Yeah, it’s based in research I was already doing. I’ve been reading a lot about corvid intelligence and doing thinking about how they would develop as thinkers. When I am doing something like this, I end up trying to create the art of the creatures I am hoping to understand. What does a dog riddle look like? What is squid poetry? What myths do crows tell one another? Some of these are accessible, but most are opaque to anyone but me, so I never show them to people. “Noah’s Raven” is not a myth a crow would tell—anthrocentric and not based on the things that crows would actually care about, and Bessary thinks much too much like a human—but thinking about crow myths took me to thinking about human myths with corvids in them, and then I realized I wanted to tell this particular story.

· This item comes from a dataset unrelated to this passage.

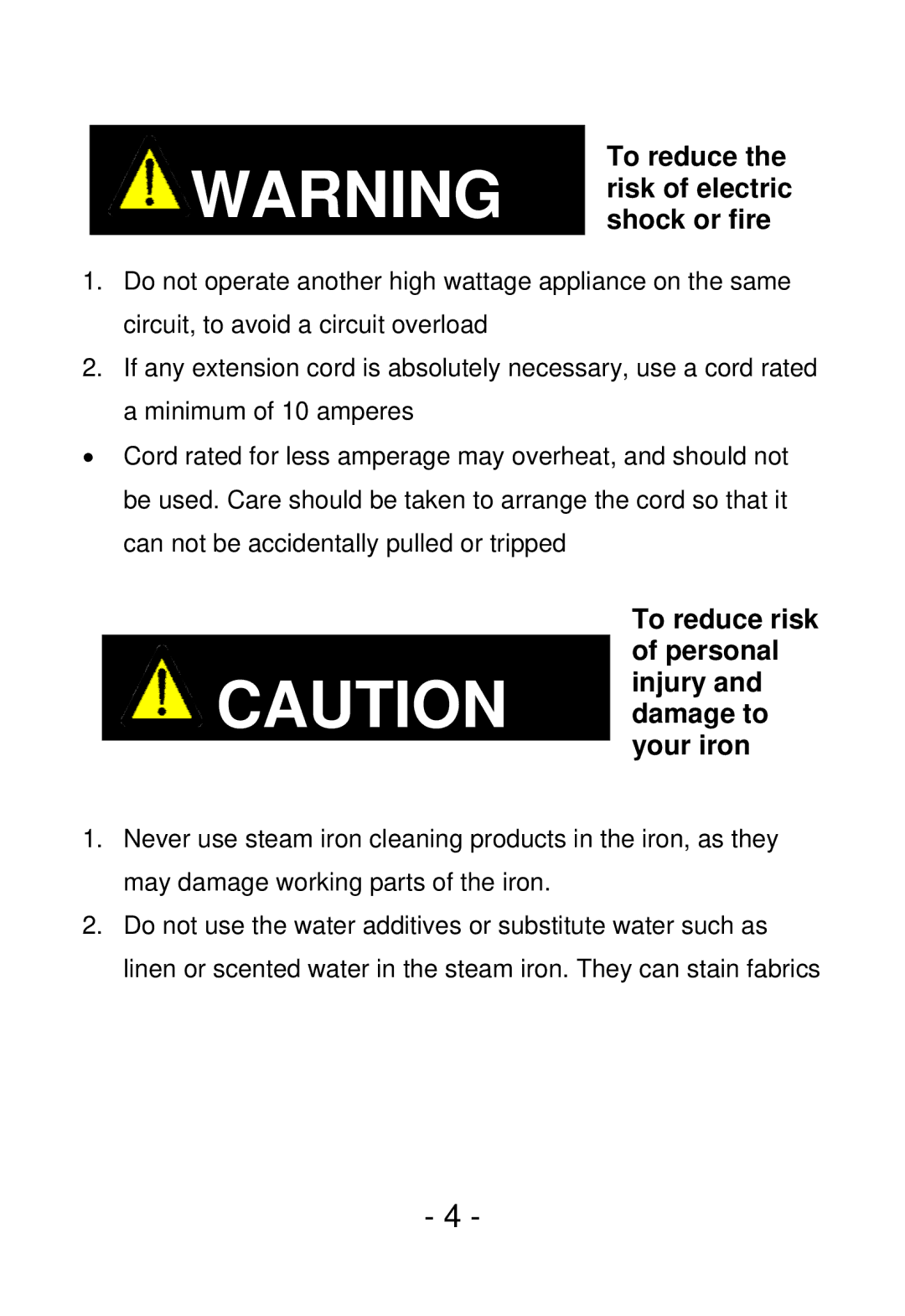 Smartek ST-1200 manual To reduce the risk of electric shock or fire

Are there any Easter eggs in this story? Your work is famously open to interpretation, but what do you think the ideal reader might notice or take away from this?
There are lots! I always pile a lot of references of every sort into my stories. Talking about them takes some of the fun out of them being there, but I’ll tell you that there are references to Julian Barnes, Stephen King, Bernt Heinrich’s prose, Narnia, and ancient bestiaries, just off the top of my head. There are some specific phrases which hat-tip to authors I love or have been reading. And of course Bessary and Arum are also the Norse ravens who advise Odin, Huginn and Muninn, Thought and Memory.
What kind of class would you most like to teach? Or attend? Doesn’t have to be writing-related.
I would love to take a really deep dive into writing about nonhuman intelligences from a craft standpoint. How do I balance the reader’s ability and willingness to read with the requirements of a truly alien voice and perception? I do most of this work alone, but wouldn’t it be great to have a roomful of peers thinking about the same stuff? I am lucky, though, in that I teach writing every year in venues that allow me to do whatever I like. I would love to take Icelandic classes, though I am not great with languages.
What are you working on? What can we look forward to next from you?
I am slooooooowly writing a short story to get it out of my hair before I start really drilling into the space opera. I am thinking a lot about another Vellitt Boe story, as well, but this one is waiting in the wings.